Pam Ulicny’s students are capturing lightening in a bottle. Using solar energy kits and curriculum she created, students in the heart of coal country are bringing photovoltaic energy to peers around the world through online tutorials.
In 2013, Pam developed a STEM curriculum for her students to make solar powered lanterns using an upcycled glass or plastic jar. She then manufactured the lanterns as kits accompanied by lab manuals and supplemental activities, which she also wrote. Two years later on a Fund for Teachers fellowship, Pam introduced the project to impoverished youth in South Africa to help them learn STEM/business skills, increase hours of productivity, and eliminate fire hazards related to kerosene lanterns.
Building on Pam’s experiences, her students at Tri-Valley Jr/Sr High in Hegins, PA, now serve as online ambassadors for alternative energy.
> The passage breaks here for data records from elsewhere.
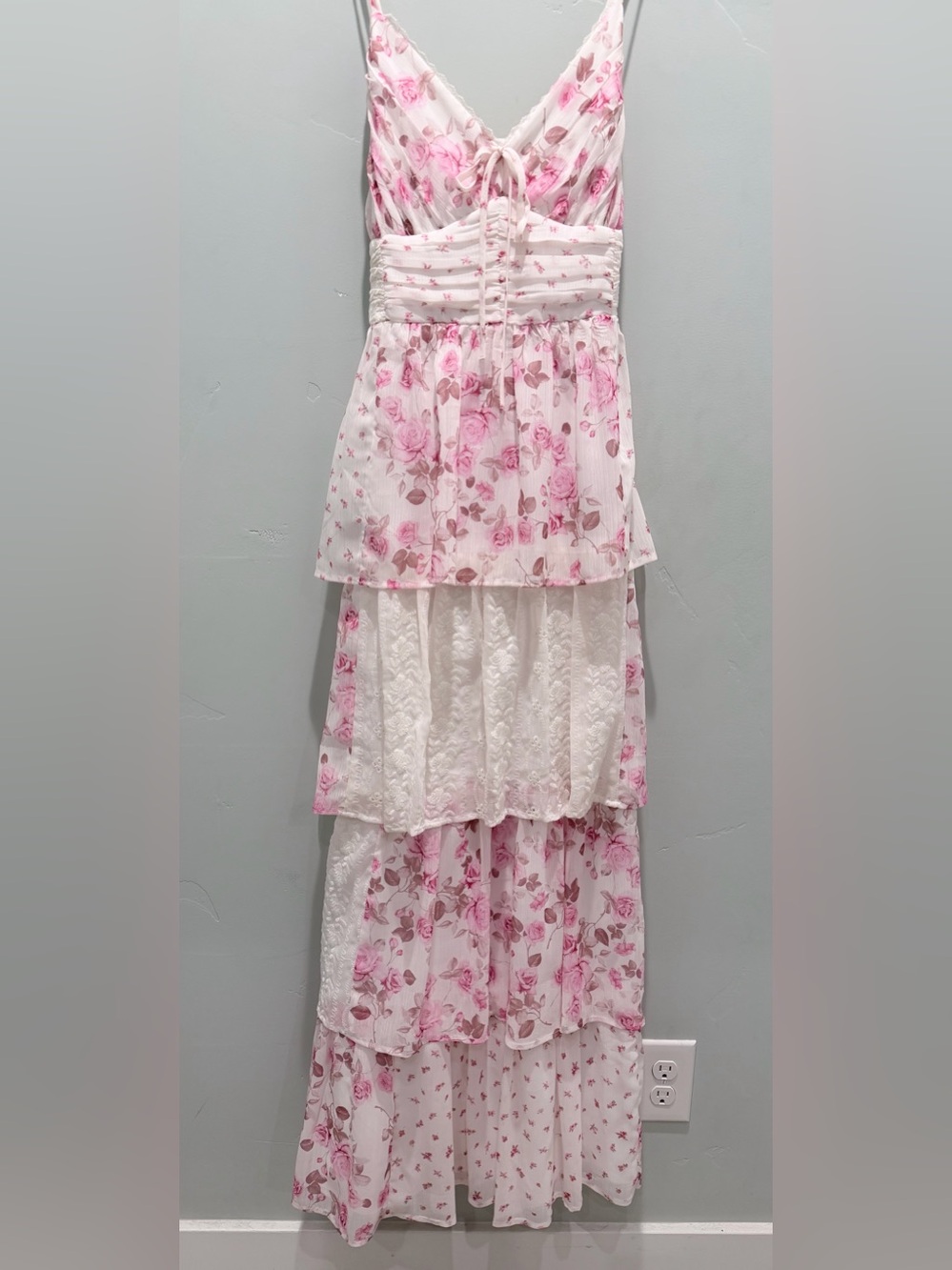 ARULA Pink Floral Tiered Maxi Skirt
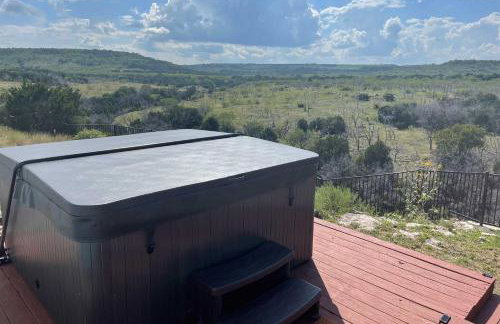 Spacious Getaway about 12 Acres, Views, and Hot Tub! - Foto 37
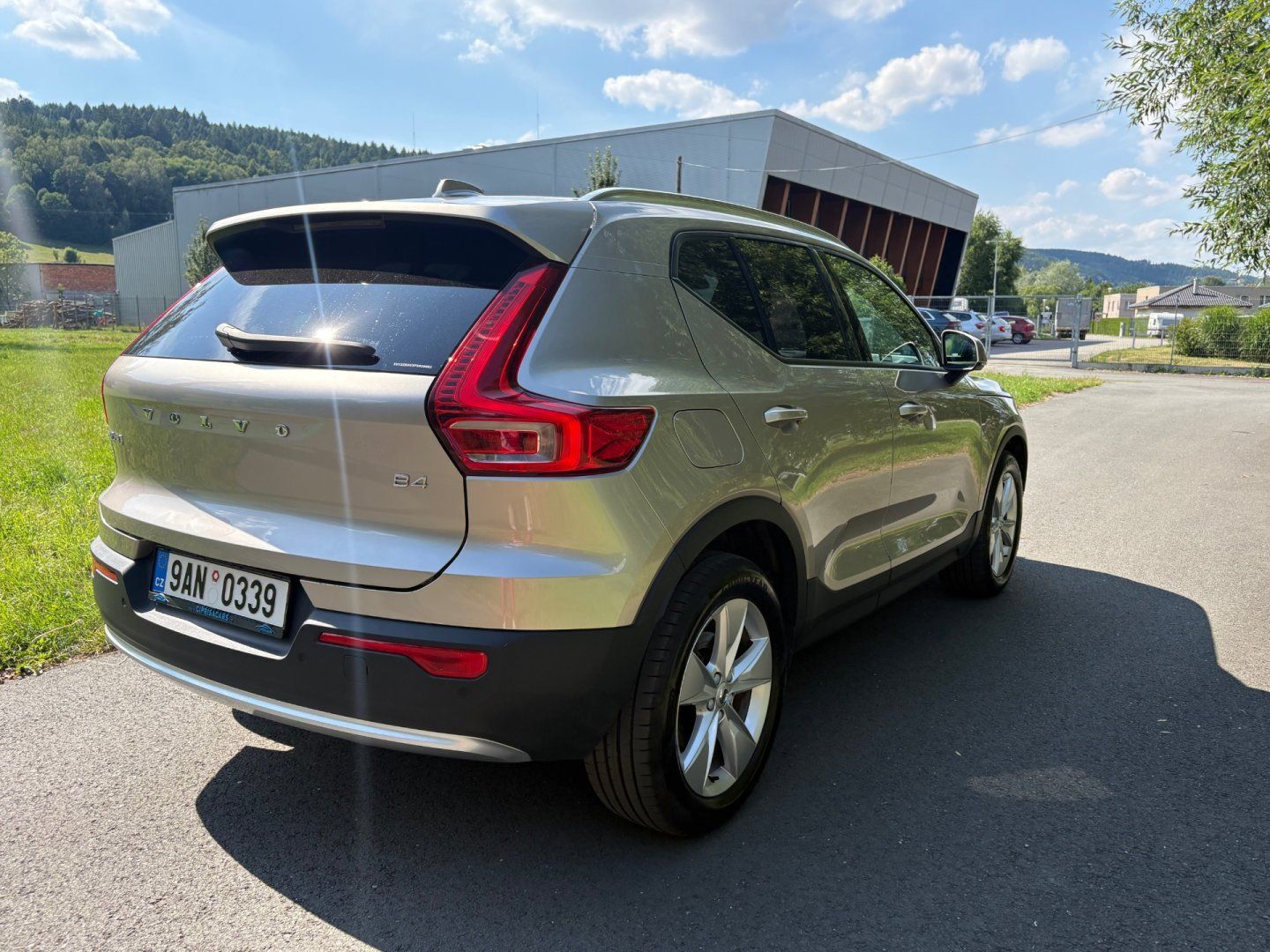 Volvo XC40, 2.0 145KW Aut Navi 1.CZ DPH - fotka 5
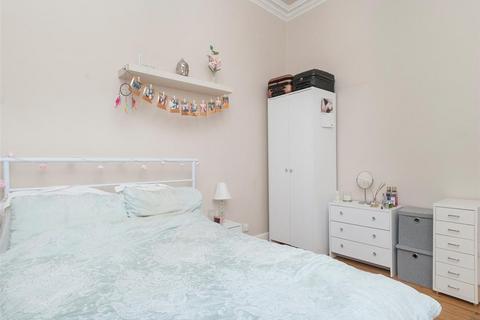 1 bedroom flat to rent, 0132L – Caledonian Crescent, Edinburgh, EH11 2DE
They regularly host Skype sessions with classrooms across America, providing solar lantern construction tips and educational input for spinoff humanitarian projects. Internationally, students in South Africa, Mali and Nicaragua now build solar lanterns after watching instructional videos Pam’s students research and produce.
“Working on the solar lantern project teaches us not only about solar energy and electricity, but it also helps us to understand the situations people in third world countries are dealing with and appreciate what we have more,” said one student.
The social business enterprise Pam developed to empower South African youth continues to grow, as well. Kwelanga Solar recently hosted its first Cape Town workshop, combining construction of solar lanterns with an English class around the theme of peace. Pam helped secure a $10,000 grant to cover hard costs associated with supplies.
“My fellowship learning in STEM applications, social entrepreneurship and sustainability efforts now impacts students in four countries,” said Pam. “Fund for Teachers helped me accomplish my mission as a teacher: To do the most good and give my students the best tools to succeed.”